● To do
Transcribe the listing below in full, exactly, with no images.

● Data excerpt
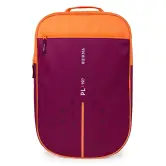 Mochila Paletero Kuima PL90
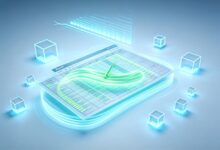 AI生成内容框架的技巧分享-Raccoon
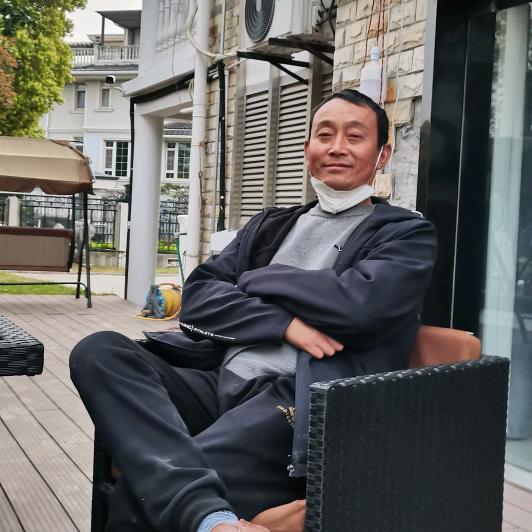 昆山慧达建筑工程有限公司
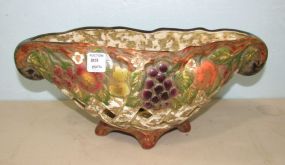 Artisan Spirit Pottery Urn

● Response
 Mochila Paletero Kuima PL90
 AI生成内容框架的技巧分享-Raccoon
 昆山慧达建筑工程有限公司
 Artisan Spirit Pottery Urn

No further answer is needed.